Material for this exercise:
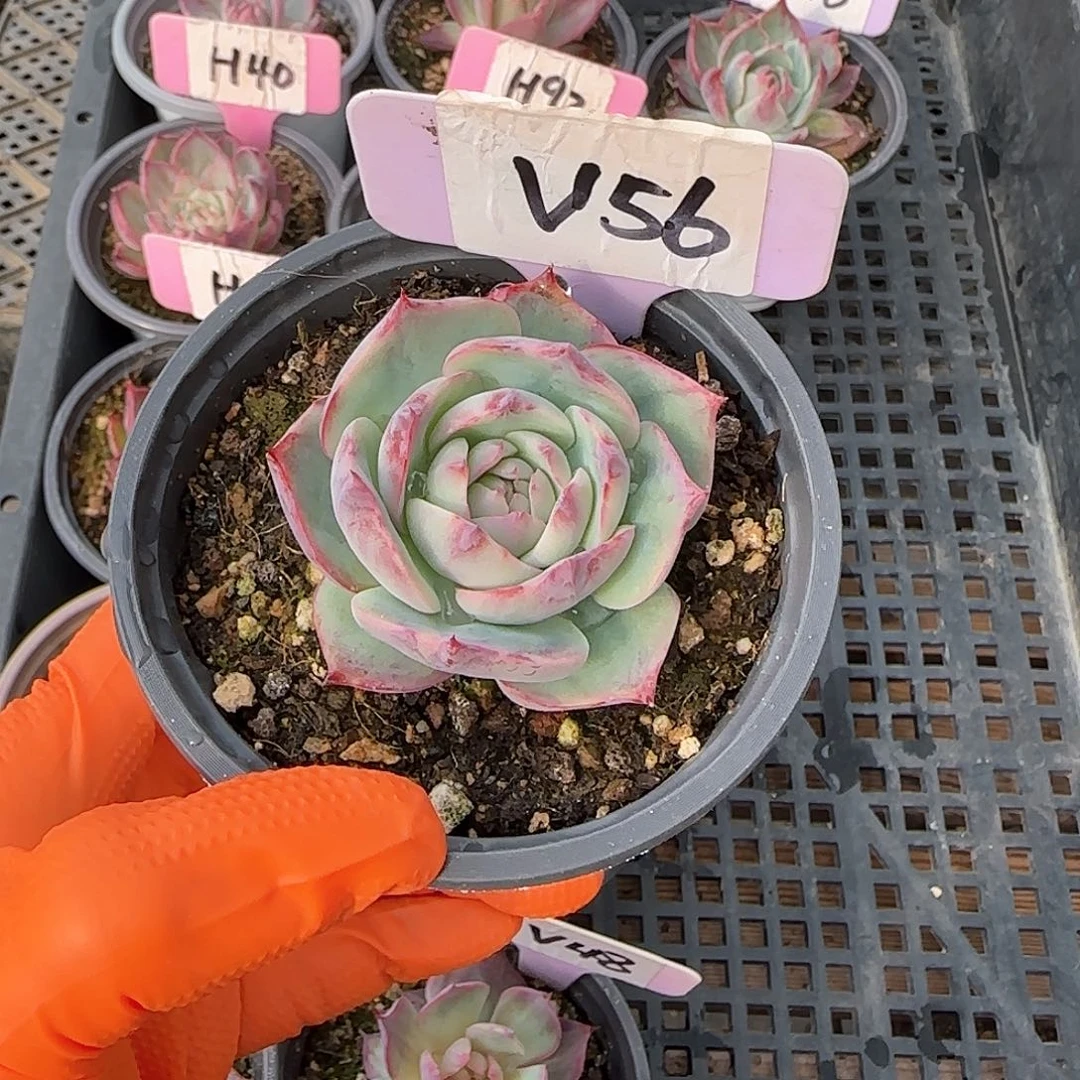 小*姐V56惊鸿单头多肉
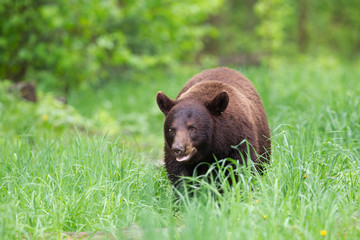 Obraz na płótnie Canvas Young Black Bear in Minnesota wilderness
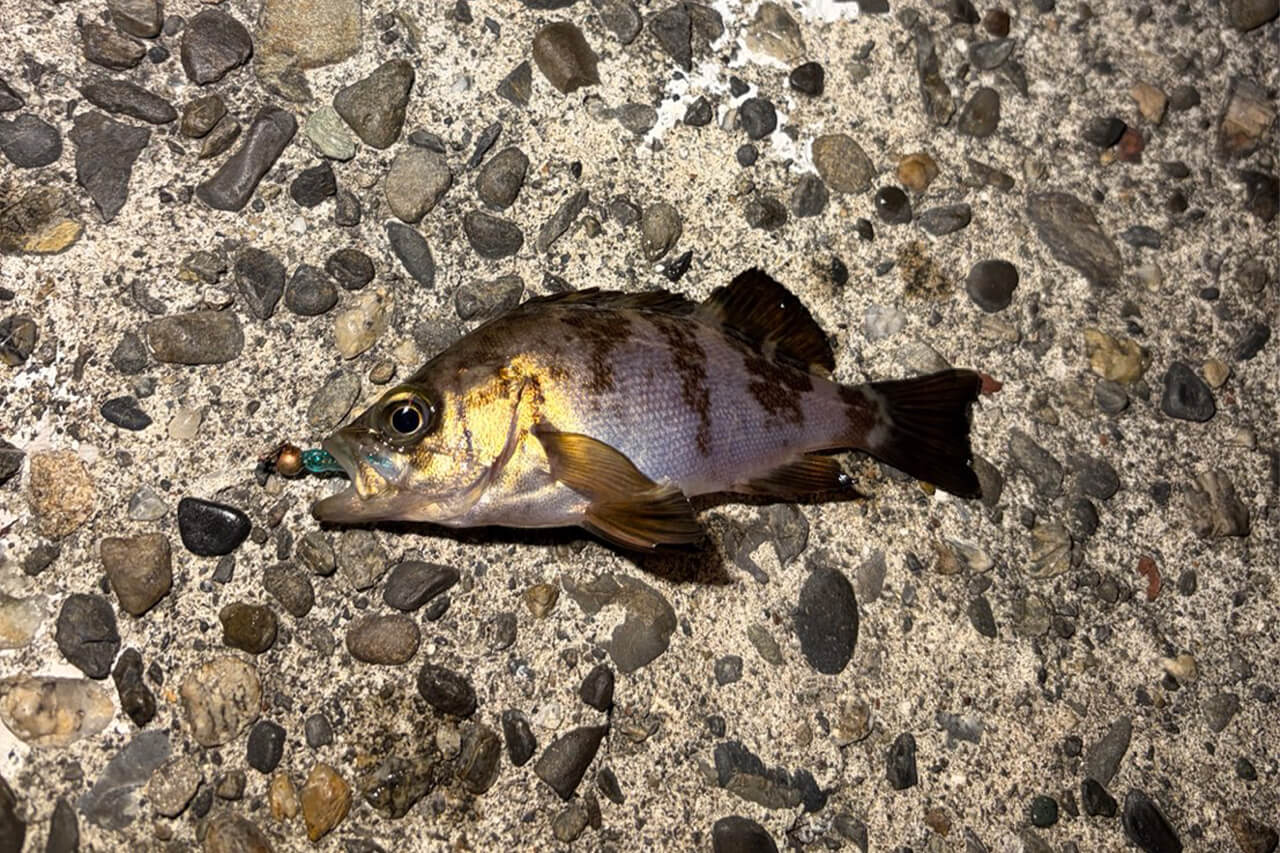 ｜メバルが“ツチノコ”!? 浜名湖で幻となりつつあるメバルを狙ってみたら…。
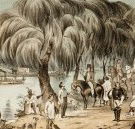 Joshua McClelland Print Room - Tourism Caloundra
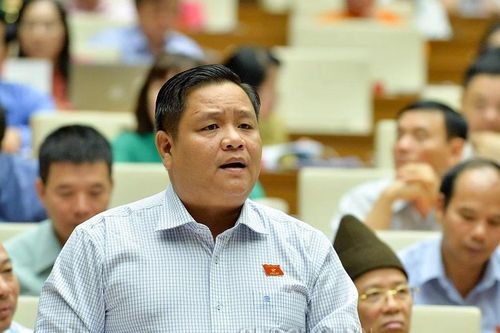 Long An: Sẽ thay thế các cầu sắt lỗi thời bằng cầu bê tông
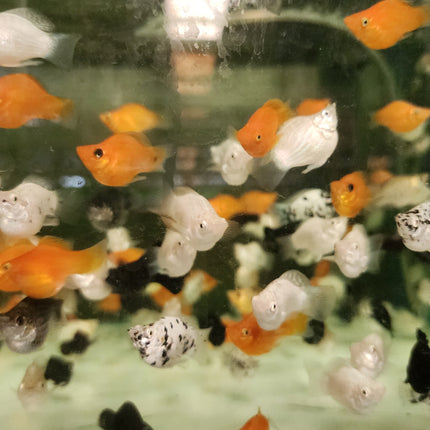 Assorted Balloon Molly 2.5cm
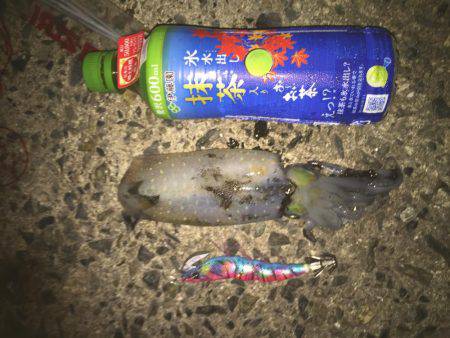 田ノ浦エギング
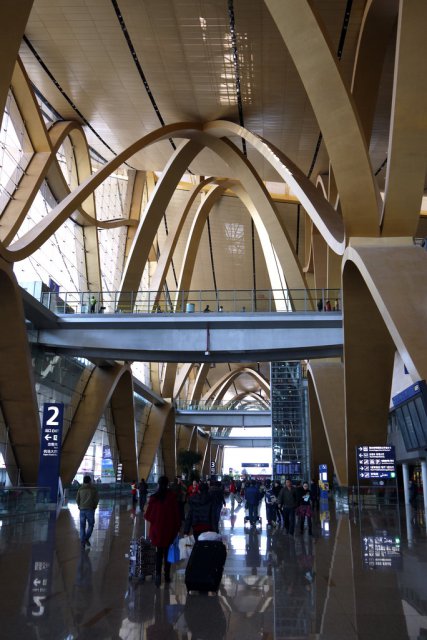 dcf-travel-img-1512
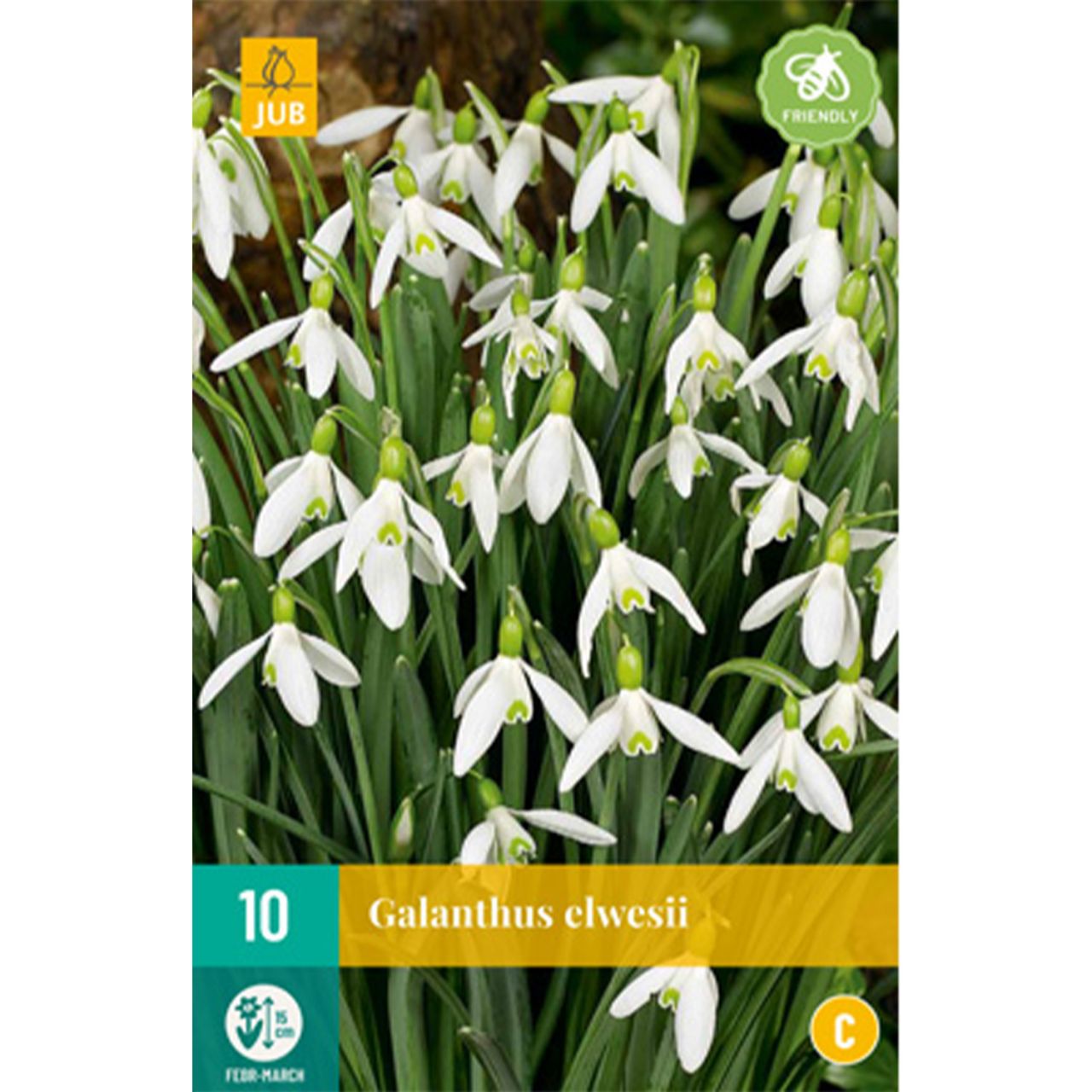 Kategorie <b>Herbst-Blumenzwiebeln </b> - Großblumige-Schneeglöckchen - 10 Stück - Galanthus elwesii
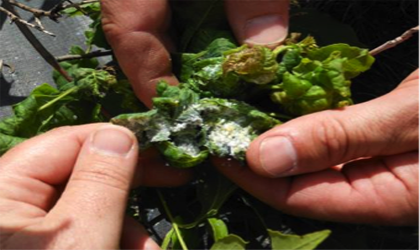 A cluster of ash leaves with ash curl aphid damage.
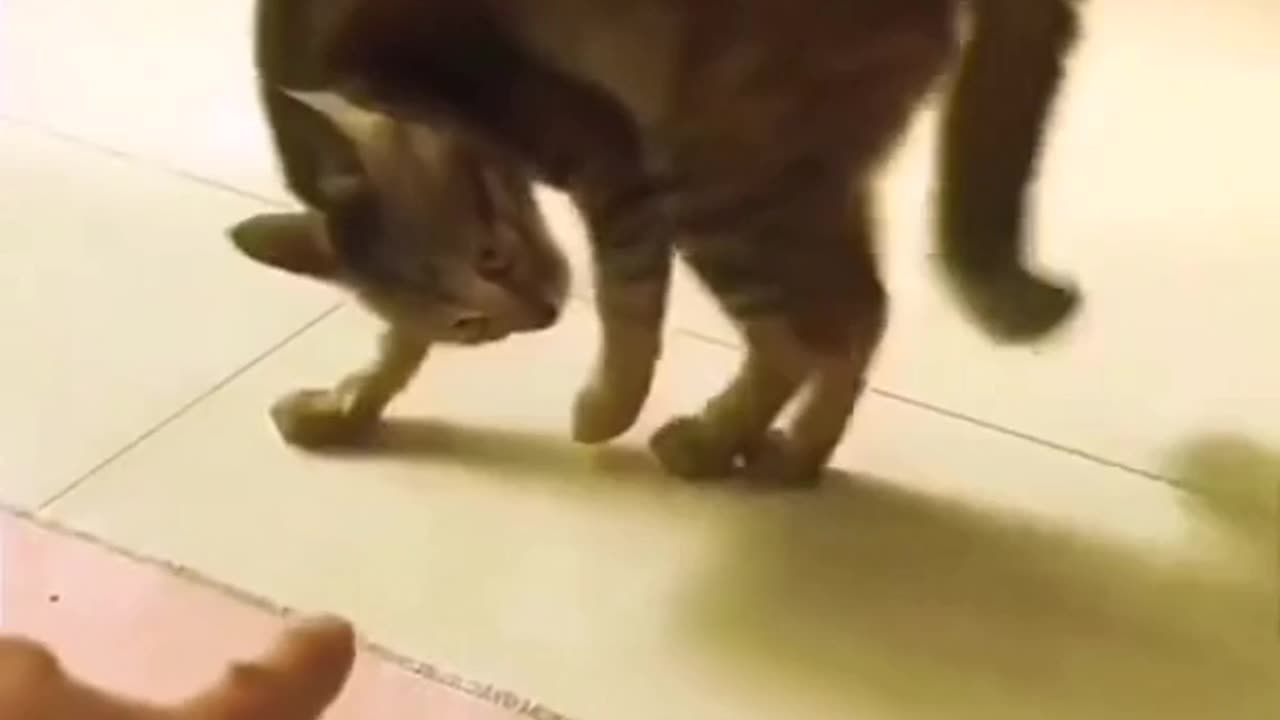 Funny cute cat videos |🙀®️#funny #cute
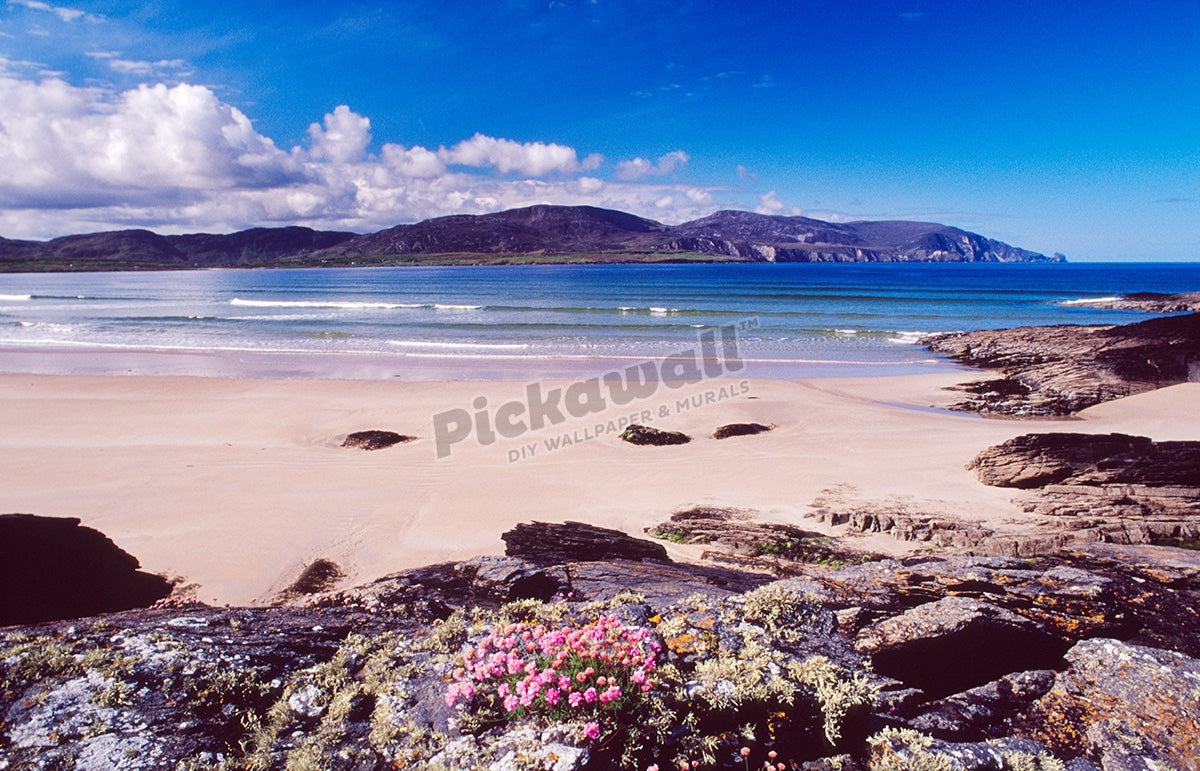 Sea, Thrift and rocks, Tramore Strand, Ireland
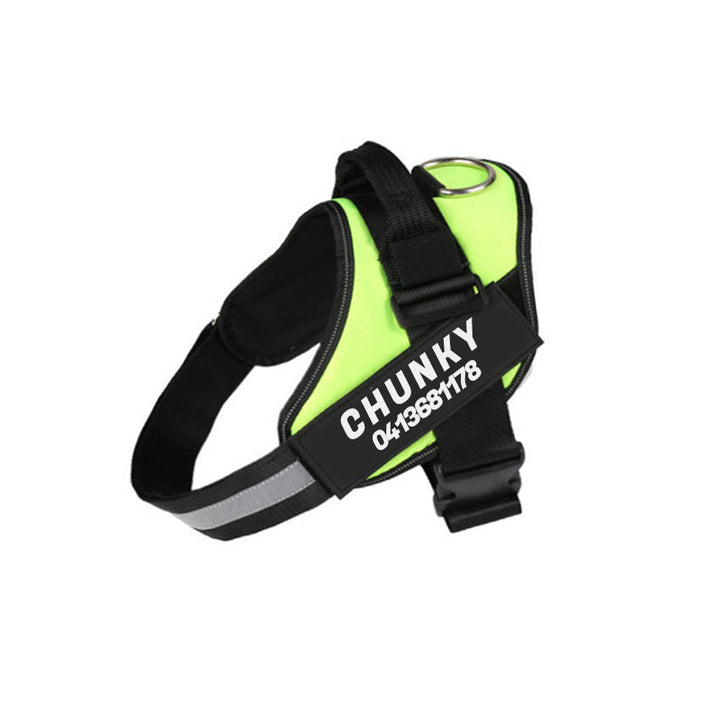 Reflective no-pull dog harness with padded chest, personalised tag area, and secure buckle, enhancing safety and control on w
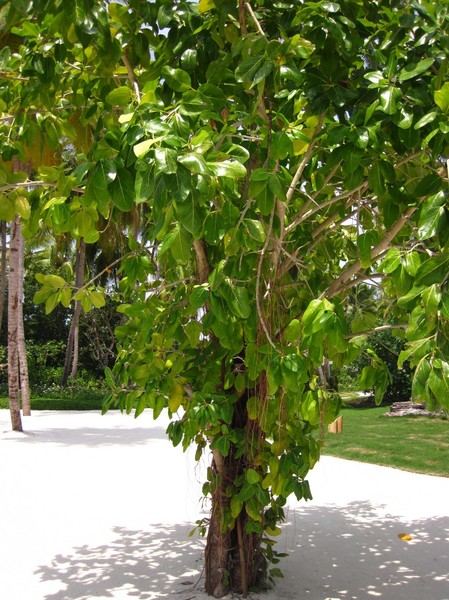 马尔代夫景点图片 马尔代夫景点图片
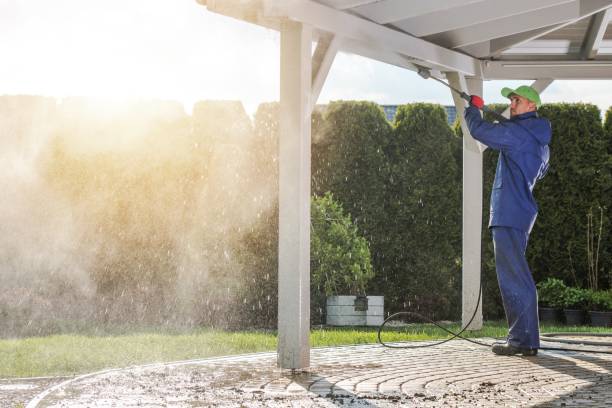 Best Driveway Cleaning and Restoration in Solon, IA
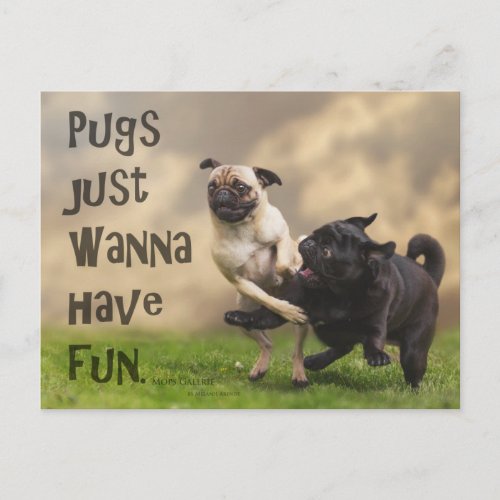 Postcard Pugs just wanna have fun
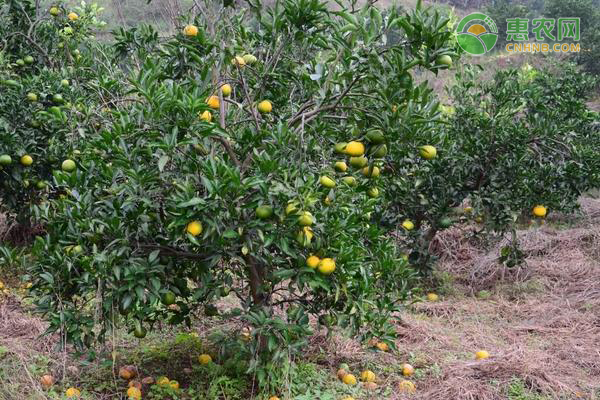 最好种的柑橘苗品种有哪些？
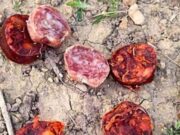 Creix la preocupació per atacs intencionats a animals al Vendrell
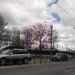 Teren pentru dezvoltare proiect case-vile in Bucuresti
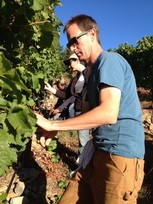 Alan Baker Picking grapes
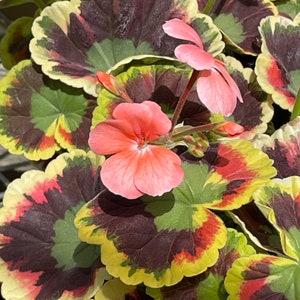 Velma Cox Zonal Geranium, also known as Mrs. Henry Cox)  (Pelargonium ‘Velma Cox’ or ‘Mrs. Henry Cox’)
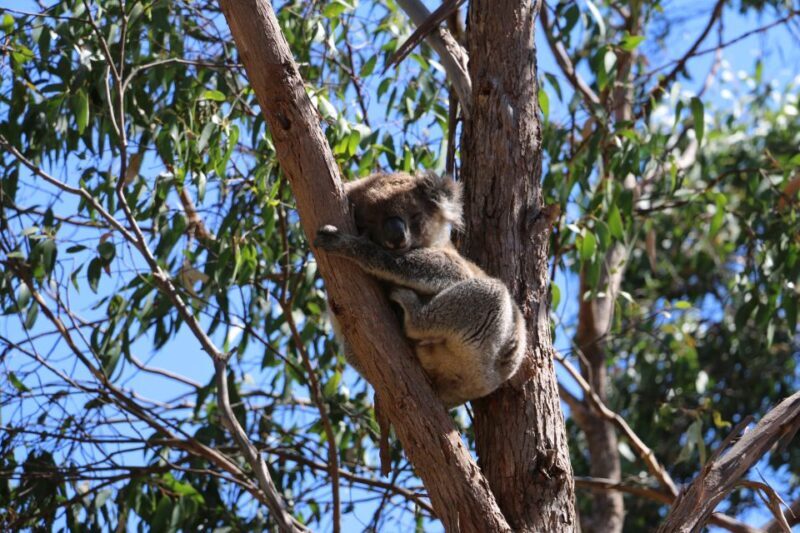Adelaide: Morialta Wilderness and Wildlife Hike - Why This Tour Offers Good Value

Task description:
I would like you to set down the lines above, from the one containing "dcf-travel-img-1512" to the final line, exactly as written and without pictures.

Answer box:
 dcf-travel-img-1512
 Kategorie <b>Herbst-Blumenzwiebeln </b> - Großblumige-Schneeglöckchen - 10 Stück - Galanthus elwesii
 A cluster of ash leaves with ash curl aphid damage.
 Funny cute cat videos |🙀®️#funny #cute
 Sea, Thrift and rocks, Tramore Strand, Ireland
 Reflective no-pull dog harness with padded chest, personalised tag area, and secure buckle, enhancing safety and control on w
 马尔代夫景点图片 马尔代夫景点图片
 Best Driveway Cleaning and Restoration in Solon, IA
 Postcard Pugs just wanna have fun
 最好种的柑橘苗品种有哪些？
 Creix la preocupació per atacs intencionats a animals al Vendrell
 Teren pentru dezvoltare proiect case-vile in Bucuresti
 Alan Baker Picking grapes
 Velma Cox Zonal Geranium, also known as Mrs. Henry Cox)  (Pelargonium ‘Velma Cox’ or ‘Mrs. Henry Cox’)
Adelaide: Morialta Wilderness and Wildlife Hike - Why This Tour Offers Good Value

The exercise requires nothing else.